Jennifer also looking for people to get involved / provide feedback
Zafar Khan’s presentation about his company’s encrypted email Zimlet integration
Zafar Khan from RPost talked about their Zimlet integration which exposes their freemium model to end users and looks like it will provide a seamless way for users to ‘self onboard’, pay for the service and subsequent revenues to percolate up the channel. An interesting model.
Solid Features and a predictable development and release cycle
In times past, the community has long been hoping for a predicable development and release cycle, along with solid, collaboration related features we really need. Here’s what came up during the event to cover this long standing wish.
Jorge de la Cruz’s product roadmap presentation (click image to download)
Jorge de la Cruz, Product manager presented a number of new features including a lovely looking UI.
Other points were:
- The dev team are committed to releases every 14 days. This has been happening for a while. I’m pretty sure it’s been painful to adopt, but I’m also sure that it will pay off in the long term. This show the commitment from all within the Zimbra team to make this happen.
- As mentioned earlier, the attendees of the bug bash event got a chance to influence product naming. Releases will be worded differently going forward. Quoting Tony Publiski, Zimbra’s build and release engineer: New “Early Release” will now come before Stable. This is for features that have been fully QA’d but need real-world burn-in before being considered Stable. New “Stable” will replace the former “GA” nomenclature. Additionally, potential future releases may make use of “Alpha” or “Beta” for functionality being introduced but that has not yet been fully QA’d for production use.
- Zimbra Desktop v7.3.0 – available now in Beta http://info.zimbra.com/try-zimbra-desktop-7.3.0
- New UI – demo available now http://info.zimbra.com/try-zimbra-universal-ui-public-cloud-beta. Shout out to Dino and Tim – the UX guys who designed it – lovely work guys.
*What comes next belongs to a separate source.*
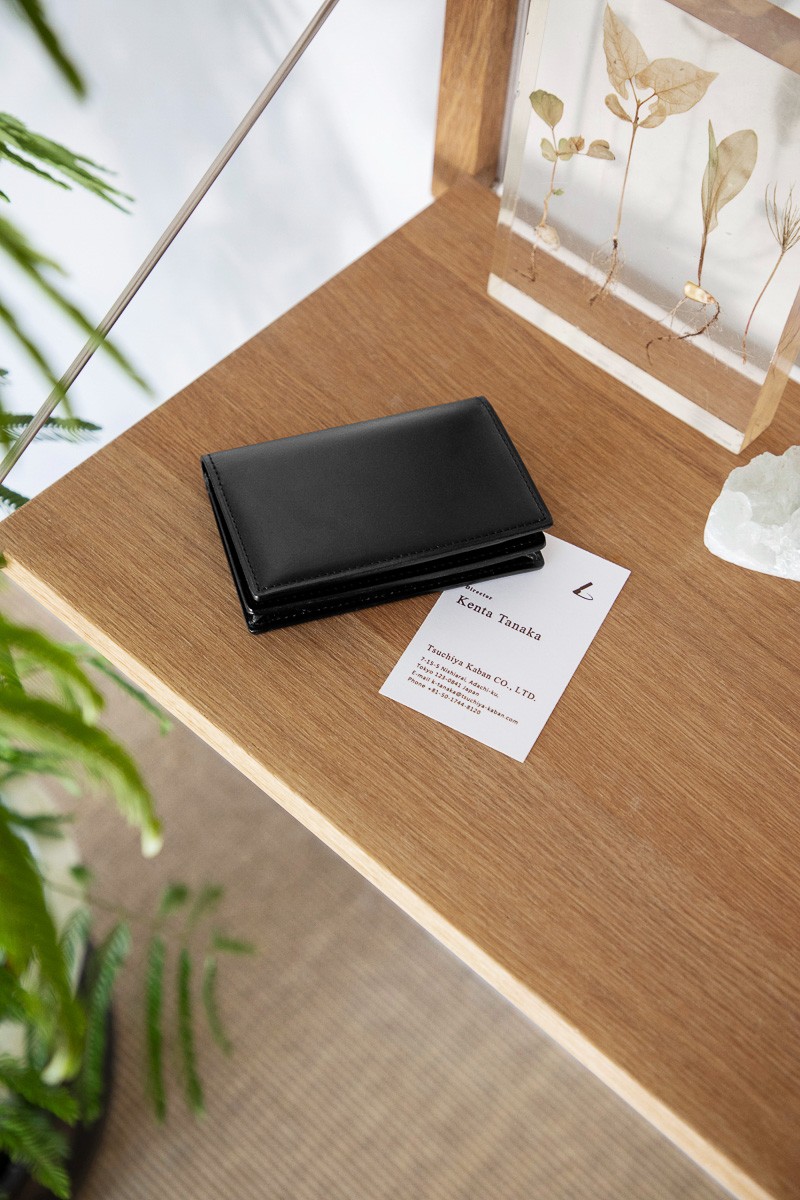 土屋鞄 名刺入れ ヌメ チェスナット 土屋鞄製造所の大人な革小物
- Web chat now part of Zimbra as a native deployment – available now as Early Release. Expected to be Stable in 8.8.0
- OwnCloud / Nextcloud integration available now as Early Release – expected to be Stable in 8.8.0
- My understanding is that 8.8.0 will include a lot of refactored code, making it a much ‘tighter’ release.
- S/MIME is also getting some attention in the very near future.
As we can see from the presentations, Synacor are working with outside companies to move things forward, including long standing partners who’ve developed great integrations. Although there was no presentation from Zextras on the day, it’s evident that they are working closely with the development and product teams at Zimbra and I think we’ll see interesting developments on that front over the following months. The excellent V Team idea to engage partners and the community. Erynn admitted to hanging out on the weekly Zeta Alliance calls. Inviting us to the office. Conducting the bug bash…
I see this willingness to engage partners and the community as a positive and encouraging development.
Various members of the Zeta Alliance got a chance to meet up for drinks prior to the welcome party on the day of arrival. It was a great opportunity to put faces to names in an informal setting and to meet some of the members’ partners who had made it along to New York. I feel sure this will be the start of many in person meets to argument the existing weekly conference call and mailing lists. The Alliance welcomes new members – check out the Zeta Alliance website for more information about how to get involved.
I left New York feeling excited about the future of ZCS.
Kudos to Himesh, Brent and all of the management team for thawing out their astronaut and to the entire team for pulling out all the stops to get it done. Now it’s up to us, the community, to get behind the project and help make it. Er… Fly!